First note that $f$, being a derivative, has the IVP. Now suppose $f(p)\not=0$ Then $f^2(p)\not=0$ and since $f^2$ is continuous we have $f(x)\not=0$ on a nhbd of $p$. By the IVP it follows that $f(x)$ has the same sign as $f(p)$ in that nbhd. Hence $f$ itself is diff in that nbhd, since it equals $\pm \sqrt{f^2}$ with a fixed sign. Then $f=2ff'\implies f'=1/2$. Hence $f(x)=x/2+c_p$ in a nhbd of $p$. Note that this implies that $f$ is continuous on ${\bf R}$, since it is surely continuous in points where $f(p)=0$. Now suppose that $f(a)=f(b)=0$ with $a<b$. If $f(c)>0$ for some $c\in (a,b)$, then we can take $c\in [a,b]$ such that $f(c)>0$ is maximal. Then $c\in (a,b),f(c)>0$ hence $f$ is strictly increasing in a nbhd of $c$. Contradiction. Hence $f(x)\le 0$ on $[a,b]$ and also $f(x)\ge 0$ on $[a,b]$. Hence $f=0$ on $[a,b]$. It follows that $f$ is of the following type: $f(x)=x/2+c$ if $x\le a, f(x)=0$ if $a\le x\le b$ and $f(x)=x/2+d$ if $x\ge b$. Here the eventualities $a=-\infty, a=b,b=\infty$ are allowed.
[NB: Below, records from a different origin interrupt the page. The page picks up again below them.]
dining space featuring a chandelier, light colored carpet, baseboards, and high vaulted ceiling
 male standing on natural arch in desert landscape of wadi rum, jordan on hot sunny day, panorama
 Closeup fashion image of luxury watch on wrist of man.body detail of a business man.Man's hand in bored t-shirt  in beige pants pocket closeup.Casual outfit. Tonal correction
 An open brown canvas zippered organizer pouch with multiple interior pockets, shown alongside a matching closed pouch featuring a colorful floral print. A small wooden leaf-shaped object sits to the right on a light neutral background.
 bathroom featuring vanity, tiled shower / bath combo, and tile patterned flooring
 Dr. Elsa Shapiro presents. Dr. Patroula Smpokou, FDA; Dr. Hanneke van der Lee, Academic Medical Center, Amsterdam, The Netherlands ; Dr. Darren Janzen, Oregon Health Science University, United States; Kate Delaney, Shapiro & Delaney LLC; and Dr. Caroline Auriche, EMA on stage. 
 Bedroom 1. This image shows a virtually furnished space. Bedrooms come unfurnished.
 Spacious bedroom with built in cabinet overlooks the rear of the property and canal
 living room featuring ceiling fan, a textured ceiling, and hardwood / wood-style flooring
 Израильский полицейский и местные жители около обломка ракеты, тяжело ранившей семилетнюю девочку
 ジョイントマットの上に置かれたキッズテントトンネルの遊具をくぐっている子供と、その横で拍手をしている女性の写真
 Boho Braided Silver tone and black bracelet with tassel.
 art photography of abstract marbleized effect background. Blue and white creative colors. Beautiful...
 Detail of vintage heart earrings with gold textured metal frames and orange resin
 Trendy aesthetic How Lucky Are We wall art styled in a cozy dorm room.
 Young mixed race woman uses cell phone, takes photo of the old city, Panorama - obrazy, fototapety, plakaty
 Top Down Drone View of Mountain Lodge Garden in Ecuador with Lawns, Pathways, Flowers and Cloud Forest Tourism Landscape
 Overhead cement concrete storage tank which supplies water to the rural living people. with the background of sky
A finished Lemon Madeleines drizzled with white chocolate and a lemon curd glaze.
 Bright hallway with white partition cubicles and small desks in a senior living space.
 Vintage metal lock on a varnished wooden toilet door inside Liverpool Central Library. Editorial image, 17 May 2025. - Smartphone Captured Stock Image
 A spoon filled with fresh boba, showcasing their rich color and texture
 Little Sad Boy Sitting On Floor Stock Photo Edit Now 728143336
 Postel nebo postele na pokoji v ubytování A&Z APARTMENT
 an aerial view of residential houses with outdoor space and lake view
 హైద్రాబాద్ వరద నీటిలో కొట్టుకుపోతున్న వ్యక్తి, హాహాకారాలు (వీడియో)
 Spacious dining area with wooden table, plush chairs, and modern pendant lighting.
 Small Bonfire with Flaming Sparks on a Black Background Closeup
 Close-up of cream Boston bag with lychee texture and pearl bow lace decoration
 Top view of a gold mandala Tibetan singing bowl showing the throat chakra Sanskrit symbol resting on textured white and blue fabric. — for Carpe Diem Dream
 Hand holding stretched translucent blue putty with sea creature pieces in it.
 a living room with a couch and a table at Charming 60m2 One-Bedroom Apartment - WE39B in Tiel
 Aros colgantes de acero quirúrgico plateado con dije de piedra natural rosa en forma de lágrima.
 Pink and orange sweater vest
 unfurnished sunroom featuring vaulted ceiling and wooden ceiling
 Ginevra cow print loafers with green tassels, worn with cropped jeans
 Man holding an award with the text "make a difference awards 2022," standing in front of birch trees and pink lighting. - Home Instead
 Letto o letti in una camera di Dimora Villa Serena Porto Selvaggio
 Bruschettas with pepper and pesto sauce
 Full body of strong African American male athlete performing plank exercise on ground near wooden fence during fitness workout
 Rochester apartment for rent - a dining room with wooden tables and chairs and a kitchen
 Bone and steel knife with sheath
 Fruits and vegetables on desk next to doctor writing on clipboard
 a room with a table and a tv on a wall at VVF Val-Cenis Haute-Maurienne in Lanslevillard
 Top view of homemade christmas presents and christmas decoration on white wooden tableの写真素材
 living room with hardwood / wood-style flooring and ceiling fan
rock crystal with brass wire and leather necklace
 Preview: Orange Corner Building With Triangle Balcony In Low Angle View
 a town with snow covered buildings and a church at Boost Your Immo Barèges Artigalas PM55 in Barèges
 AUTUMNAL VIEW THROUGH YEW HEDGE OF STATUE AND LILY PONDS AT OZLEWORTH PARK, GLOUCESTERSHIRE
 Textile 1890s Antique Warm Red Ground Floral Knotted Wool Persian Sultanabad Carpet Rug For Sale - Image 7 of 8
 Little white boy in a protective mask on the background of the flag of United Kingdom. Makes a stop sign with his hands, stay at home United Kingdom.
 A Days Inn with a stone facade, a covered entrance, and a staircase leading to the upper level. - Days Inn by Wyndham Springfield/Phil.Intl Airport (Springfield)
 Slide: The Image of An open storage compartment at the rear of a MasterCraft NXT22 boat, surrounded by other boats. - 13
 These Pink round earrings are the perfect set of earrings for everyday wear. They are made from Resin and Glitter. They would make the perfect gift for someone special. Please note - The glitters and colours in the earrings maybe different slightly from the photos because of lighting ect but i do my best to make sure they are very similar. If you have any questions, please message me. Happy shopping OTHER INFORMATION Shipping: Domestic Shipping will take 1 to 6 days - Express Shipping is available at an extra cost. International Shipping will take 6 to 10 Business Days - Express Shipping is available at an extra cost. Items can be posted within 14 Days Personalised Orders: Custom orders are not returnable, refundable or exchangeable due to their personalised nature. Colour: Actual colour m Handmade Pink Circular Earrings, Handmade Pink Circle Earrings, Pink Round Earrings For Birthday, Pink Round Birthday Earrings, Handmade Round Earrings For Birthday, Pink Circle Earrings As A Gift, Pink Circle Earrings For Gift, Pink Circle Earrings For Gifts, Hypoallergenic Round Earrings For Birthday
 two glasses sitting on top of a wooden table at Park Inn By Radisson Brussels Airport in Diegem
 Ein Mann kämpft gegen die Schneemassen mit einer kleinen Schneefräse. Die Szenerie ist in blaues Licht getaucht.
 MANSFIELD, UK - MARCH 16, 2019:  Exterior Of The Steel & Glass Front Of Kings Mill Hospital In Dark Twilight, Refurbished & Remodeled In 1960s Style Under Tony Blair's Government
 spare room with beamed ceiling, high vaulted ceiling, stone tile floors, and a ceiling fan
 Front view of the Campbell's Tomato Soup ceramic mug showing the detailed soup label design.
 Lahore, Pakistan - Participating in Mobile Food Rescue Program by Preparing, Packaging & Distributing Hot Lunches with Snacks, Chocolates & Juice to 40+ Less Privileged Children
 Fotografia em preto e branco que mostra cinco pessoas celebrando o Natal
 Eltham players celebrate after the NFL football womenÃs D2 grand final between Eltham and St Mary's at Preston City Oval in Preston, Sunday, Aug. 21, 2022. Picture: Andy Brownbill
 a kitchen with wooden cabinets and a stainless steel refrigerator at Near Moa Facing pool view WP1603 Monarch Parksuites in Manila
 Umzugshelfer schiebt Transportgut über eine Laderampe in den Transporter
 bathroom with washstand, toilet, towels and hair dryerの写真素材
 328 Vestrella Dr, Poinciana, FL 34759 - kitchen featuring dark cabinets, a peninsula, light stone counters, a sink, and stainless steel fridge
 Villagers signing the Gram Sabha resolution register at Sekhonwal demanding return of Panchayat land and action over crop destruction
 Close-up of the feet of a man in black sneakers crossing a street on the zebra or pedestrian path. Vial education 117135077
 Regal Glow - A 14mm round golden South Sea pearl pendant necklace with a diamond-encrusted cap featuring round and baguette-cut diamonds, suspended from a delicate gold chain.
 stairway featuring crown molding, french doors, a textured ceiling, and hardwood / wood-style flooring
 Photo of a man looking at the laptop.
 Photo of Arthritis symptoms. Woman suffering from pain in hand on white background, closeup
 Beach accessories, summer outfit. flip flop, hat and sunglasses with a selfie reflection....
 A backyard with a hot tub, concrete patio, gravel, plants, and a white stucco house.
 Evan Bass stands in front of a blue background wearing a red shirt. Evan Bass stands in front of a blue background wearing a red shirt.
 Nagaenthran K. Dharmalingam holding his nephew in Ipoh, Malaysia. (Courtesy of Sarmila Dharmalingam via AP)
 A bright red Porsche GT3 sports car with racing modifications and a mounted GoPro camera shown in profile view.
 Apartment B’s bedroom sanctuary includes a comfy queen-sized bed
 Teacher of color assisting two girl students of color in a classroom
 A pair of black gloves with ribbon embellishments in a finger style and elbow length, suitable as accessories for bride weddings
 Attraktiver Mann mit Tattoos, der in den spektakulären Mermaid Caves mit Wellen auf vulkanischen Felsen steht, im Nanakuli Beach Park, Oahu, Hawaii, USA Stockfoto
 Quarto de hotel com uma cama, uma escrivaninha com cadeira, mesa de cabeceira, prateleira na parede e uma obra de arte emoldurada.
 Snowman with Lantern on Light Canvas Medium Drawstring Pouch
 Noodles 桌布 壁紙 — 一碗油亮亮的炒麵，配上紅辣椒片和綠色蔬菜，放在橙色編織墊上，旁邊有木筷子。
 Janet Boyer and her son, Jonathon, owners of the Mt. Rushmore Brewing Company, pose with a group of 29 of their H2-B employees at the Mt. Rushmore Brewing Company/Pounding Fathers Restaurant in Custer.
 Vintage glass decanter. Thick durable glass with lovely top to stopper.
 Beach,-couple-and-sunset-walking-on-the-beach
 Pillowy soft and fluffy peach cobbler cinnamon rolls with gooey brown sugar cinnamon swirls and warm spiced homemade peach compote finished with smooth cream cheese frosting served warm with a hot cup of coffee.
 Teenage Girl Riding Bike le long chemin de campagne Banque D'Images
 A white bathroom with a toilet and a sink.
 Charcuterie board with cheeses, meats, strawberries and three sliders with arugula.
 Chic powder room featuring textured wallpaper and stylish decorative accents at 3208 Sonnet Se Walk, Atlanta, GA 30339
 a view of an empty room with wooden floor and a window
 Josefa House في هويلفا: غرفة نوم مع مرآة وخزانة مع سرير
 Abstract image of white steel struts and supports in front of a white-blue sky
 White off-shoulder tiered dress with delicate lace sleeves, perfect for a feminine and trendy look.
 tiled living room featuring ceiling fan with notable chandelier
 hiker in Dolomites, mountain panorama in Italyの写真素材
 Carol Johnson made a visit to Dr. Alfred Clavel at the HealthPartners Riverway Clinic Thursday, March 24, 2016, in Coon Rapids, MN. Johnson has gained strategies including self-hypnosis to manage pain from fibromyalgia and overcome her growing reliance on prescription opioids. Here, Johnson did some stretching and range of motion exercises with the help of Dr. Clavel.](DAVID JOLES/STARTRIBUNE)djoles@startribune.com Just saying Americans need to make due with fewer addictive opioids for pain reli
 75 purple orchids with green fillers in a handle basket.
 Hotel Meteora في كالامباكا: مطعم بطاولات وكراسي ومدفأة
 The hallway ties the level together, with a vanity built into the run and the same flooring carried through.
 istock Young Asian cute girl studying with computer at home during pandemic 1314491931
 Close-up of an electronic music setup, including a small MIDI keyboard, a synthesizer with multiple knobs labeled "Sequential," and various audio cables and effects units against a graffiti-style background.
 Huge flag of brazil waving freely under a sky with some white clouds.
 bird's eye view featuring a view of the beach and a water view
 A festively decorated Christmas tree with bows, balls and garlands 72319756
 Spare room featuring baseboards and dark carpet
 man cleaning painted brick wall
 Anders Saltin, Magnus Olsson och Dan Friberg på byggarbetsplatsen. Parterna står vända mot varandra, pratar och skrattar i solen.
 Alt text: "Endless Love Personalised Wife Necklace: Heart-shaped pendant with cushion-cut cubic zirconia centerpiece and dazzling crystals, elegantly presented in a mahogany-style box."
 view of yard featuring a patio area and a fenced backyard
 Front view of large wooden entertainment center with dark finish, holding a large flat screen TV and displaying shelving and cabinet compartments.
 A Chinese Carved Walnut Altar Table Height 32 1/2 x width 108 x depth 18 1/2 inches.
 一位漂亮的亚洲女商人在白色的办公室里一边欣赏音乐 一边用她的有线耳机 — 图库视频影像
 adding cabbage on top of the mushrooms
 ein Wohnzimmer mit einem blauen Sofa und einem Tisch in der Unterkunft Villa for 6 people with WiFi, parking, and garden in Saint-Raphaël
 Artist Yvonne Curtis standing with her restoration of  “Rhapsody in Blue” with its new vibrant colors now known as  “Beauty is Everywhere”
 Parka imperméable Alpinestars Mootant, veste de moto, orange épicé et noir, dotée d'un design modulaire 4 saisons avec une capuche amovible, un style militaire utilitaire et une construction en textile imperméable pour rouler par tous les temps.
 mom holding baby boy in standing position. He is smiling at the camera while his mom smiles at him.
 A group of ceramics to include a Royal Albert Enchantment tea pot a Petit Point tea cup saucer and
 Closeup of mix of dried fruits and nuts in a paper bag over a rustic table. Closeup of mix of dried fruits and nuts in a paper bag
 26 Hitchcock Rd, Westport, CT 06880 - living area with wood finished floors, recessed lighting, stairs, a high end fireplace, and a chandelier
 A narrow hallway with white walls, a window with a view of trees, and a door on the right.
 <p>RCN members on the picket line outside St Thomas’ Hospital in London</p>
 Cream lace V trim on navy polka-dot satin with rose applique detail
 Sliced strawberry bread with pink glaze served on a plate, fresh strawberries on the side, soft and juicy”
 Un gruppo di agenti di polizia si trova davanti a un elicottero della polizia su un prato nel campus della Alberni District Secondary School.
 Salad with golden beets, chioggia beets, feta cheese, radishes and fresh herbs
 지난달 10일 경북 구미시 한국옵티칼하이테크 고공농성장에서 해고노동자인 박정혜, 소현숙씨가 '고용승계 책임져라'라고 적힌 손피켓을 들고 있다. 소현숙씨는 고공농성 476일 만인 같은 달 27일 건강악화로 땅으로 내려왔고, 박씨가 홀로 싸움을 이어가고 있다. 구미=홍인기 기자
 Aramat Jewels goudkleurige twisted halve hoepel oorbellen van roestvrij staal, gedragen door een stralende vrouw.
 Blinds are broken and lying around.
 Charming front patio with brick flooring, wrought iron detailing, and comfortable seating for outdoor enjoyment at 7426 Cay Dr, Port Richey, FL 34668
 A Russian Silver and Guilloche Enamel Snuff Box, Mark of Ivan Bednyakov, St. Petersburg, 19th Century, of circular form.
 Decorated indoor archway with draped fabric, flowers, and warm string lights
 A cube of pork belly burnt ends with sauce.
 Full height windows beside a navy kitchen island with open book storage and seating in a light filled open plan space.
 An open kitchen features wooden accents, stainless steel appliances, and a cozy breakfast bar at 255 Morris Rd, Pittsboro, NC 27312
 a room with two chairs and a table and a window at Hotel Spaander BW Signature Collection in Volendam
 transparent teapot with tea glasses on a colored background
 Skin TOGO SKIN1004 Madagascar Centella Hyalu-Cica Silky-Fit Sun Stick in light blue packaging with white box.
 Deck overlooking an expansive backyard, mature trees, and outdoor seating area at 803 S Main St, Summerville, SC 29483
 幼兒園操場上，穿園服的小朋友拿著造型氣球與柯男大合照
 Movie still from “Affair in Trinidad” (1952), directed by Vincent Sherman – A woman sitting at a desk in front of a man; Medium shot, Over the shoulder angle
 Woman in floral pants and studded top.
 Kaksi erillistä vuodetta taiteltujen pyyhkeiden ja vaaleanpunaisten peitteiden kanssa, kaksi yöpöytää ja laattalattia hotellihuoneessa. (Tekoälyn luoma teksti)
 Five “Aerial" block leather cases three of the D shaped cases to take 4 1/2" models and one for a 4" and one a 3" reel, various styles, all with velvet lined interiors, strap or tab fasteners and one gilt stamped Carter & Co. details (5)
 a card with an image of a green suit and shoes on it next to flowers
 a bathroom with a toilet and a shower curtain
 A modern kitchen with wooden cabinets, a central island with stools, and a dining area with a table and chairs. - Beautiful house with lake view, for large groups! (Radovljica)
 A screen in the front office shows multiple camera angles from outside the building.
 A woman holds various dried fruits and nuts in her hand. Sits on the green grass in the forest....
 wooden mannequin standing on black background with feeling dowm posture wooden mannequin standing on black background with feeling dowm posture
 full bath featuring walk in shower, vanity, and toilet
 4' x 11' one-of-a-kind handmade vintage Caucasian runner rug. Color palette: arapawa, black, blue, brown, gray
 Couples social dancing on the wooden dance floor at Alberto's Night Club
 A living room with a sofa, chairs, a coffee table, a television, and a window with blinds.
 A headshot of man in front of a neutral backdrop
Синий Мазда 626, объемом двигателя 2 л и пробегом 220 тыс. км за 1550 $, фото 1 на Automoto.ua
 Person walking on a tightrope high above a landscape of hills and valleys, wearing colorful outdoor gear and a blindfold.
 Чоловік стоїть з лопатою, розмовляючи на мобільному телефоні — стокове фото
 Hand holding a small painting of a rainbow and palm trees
i think the problem statement is vague because $f^2$ can be either $(f(x))^2$ or $f(f(x))$ .

No. It is quite common for $fg$ to mean $f(x)g(x)$ when written out.

cooljoseph wrote: No. It is quite common for $fg$ to mean $f(x)g(x)$ when written out.

$ f $ may not be differentiable. Did you think it was that easy?

Also even if $f$ was differentiable, the conclusion $2f'=1$ is not valid since you divide by $f$ which could be $0$. (Note that $f(x)=0$ is certainly also a soluiton.)